LOUISVILLE, KY (WAVE) – Plans to paint 28 miles of new bike lanes are pedaling forward in Louisville.

On Wednesday, August 21 members of the Louisville Bike Network will host an Urban Bicycle Network Report Back meeting at 325 West Cardinal Boulevard. The meeting will run from 5:30 p.m. to 7 p.m. and serve as an opportunity for members to gauge what type of bicycle lanes or facilities will encourage more people to bike. Meeting guests and Louisville bicyclists at large are encouraged to fill out a survey to offer their input.

"This meeting is going to be a real invitation for people to come to share their interests and to build their interests," said 8th District Councilman Tom Owen.

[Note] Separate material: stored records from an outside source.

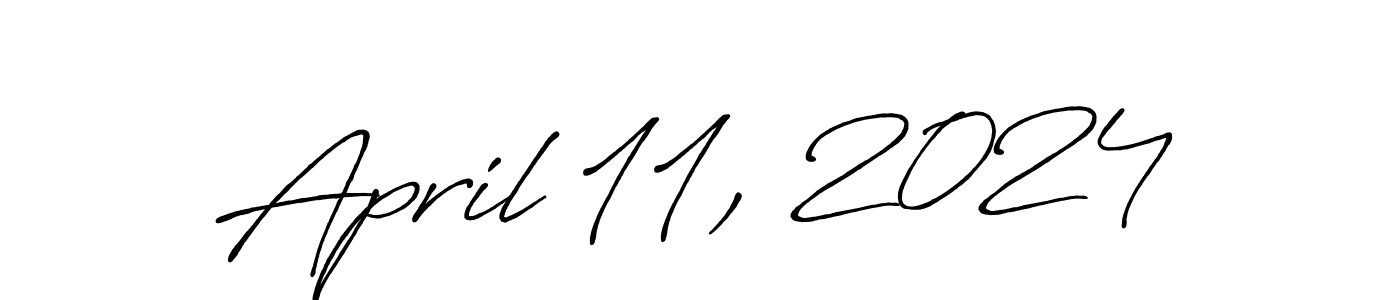 if you are searching for the best signature style for your name April 11, 2024. so please give up your signature search. here we have designed multiple signature styles  using Antro_Vectra_Bolder. April 11, 2024 signature style 7 images and pictures png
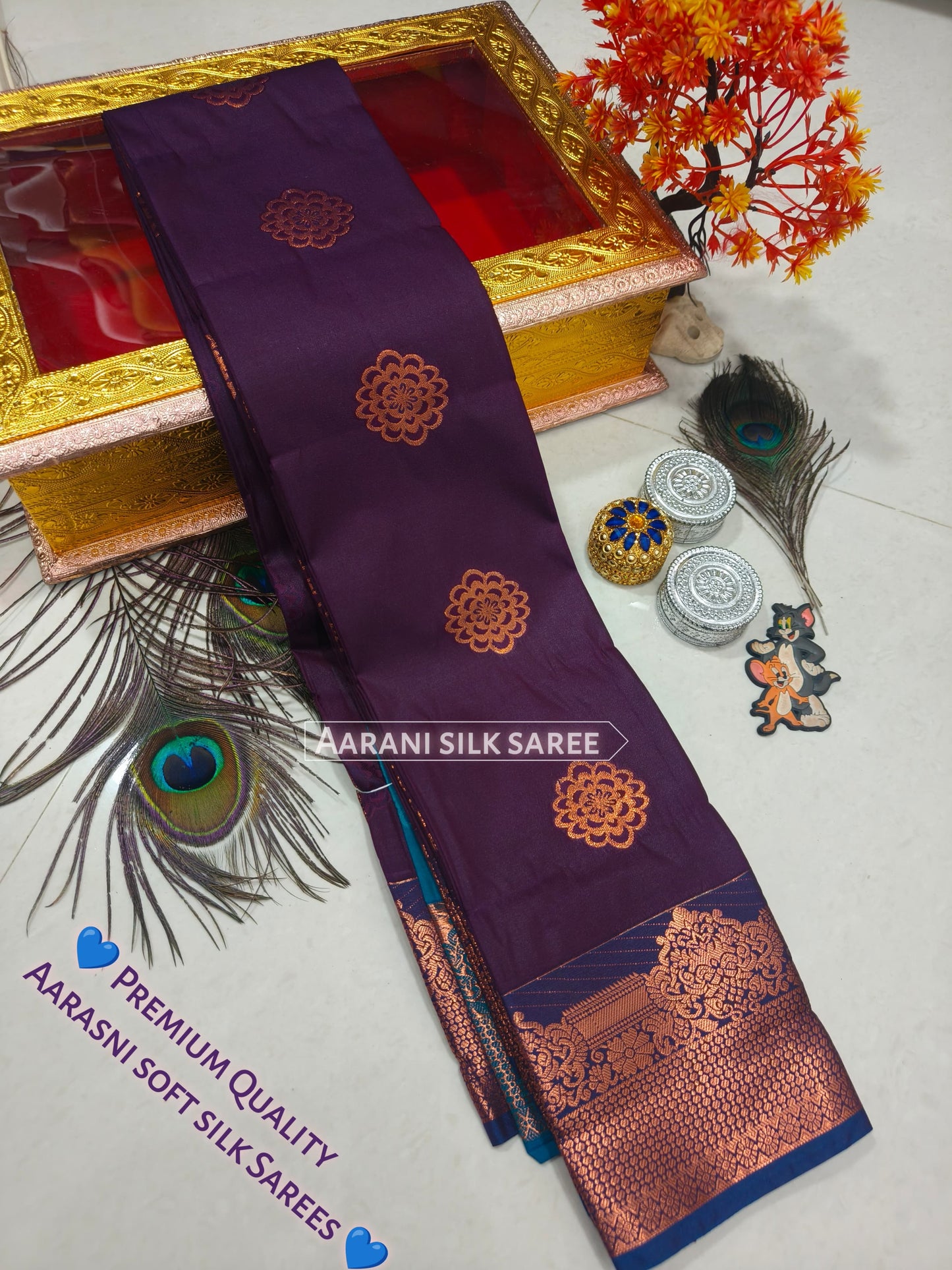 Arani Style Elampillai Soft Semi Silk Saree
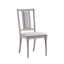 Ensemble de 2 chaises d'appoint Marta en lin et finition naturelle beige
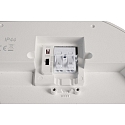 Deko-Light Plafonnier encastré ZAURAK 300 rond, constante de tension IP44, noir, argent, blanche 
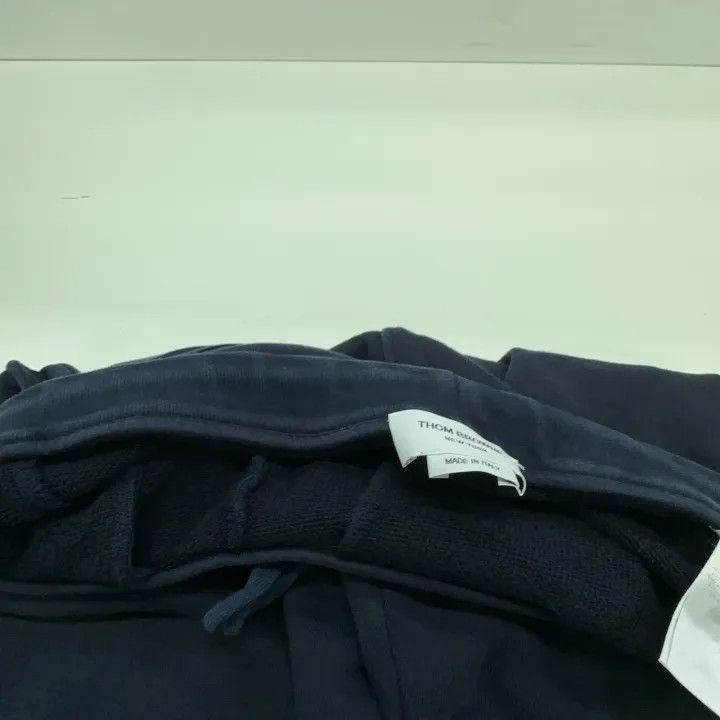 Thom Browne Thom Browne Men's Navy Sports Sweatpants 0079 Size US 26 / EU 42 - 7 Thumbnail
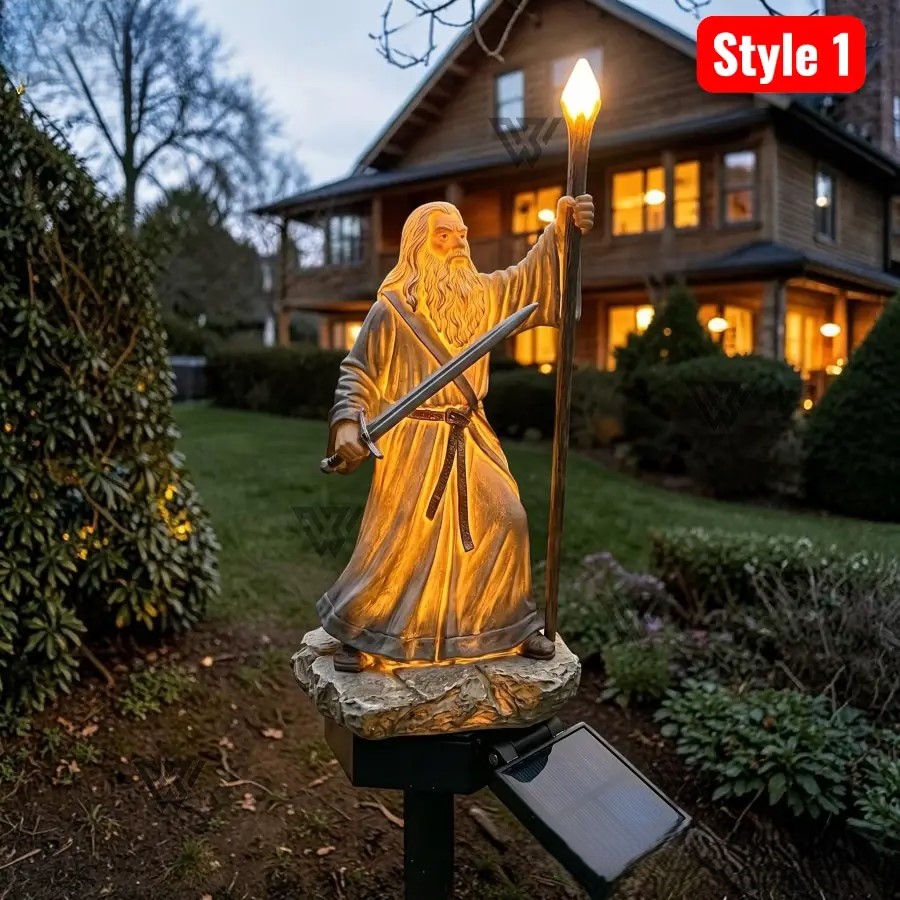🧙Wizard vs Balrog Solar Garden Stake Lights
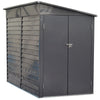 9FT Garden Garage Storage Shed Steel Frame Storage Bike Tool Shed Double Door UK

The meeting comes after Louisville Metro Council gave the green light and $300,000 from its general fund to paint 28 miles of new bike lanes as roads are resurfaced throughout the city. The network will create a mass of bikeways linking destinations in Downtown, Old Louisville, and the main University of Louisville campus.

"The money that the Metro Council provided specifically is going to try to increase bicycle lanes and facilities between Belknap campus and downtown," said Councilman Owen.

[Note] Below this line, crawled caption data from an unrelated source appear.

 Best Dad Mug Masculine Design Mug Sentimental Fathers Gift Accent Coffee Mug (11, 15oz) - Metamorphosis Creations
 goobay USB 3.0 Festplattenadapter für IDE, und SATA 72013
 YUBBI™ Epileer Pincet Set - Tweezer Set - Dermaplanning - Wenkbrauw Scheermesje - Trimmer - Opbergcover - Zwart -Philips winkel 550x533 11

Not all bicyclists are on board with the expansion.

"They want to make the bike lanes wider. They want to establish a zone between bike lane and cars, but they're doing so with paint," said Bike Couriers Bike Shop Manager Jackie Green. "Paint does not protect."

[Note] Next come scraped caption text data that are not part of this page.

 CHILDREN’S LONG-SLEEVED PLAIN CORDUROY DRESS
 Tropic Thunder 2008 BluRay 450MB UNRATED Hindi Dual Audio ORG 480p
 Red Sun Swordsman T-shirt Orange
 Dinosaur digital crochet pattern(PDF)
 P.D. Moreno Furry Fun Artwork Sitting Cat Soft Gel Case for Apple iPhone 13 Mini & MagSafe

Green said he feels the expansion creates a false sense of safety for novice bicyclists. Instead of widening and increasing bike lanes, he said he would like to see Metro Council reduce speed limits.

"Let's calm the traffic," began Green. "Let's travel at 20 miles per hour right here in Louisville inside the Watterson."

"I don't think there's a political consensus for that," began Councilman Owen. "I think we are still an automobile community."

Instead, the councilman suggested bicyclists and motorists work together, with both doing what they can to ensure the other stays safe.

"I would emphasize, personally, visibility, blinking lights, plenty of hands signals and then education for both communities, both the automobile and the bicycle community," said Owen.

Several public input meetings will be held to discuss the future of the bikeways to ensure they meet transportation, safety, and infrastructure demands. The next Louisville Bike Network public involvement meeting is scheduled for Tuesday, August 27. The meeting will be held at the Girl Scouts of Kentuckiana at 2115 Lexington Road from 5:30 p.m. to 7 p.m.

Road stripping is expected to begin this fall.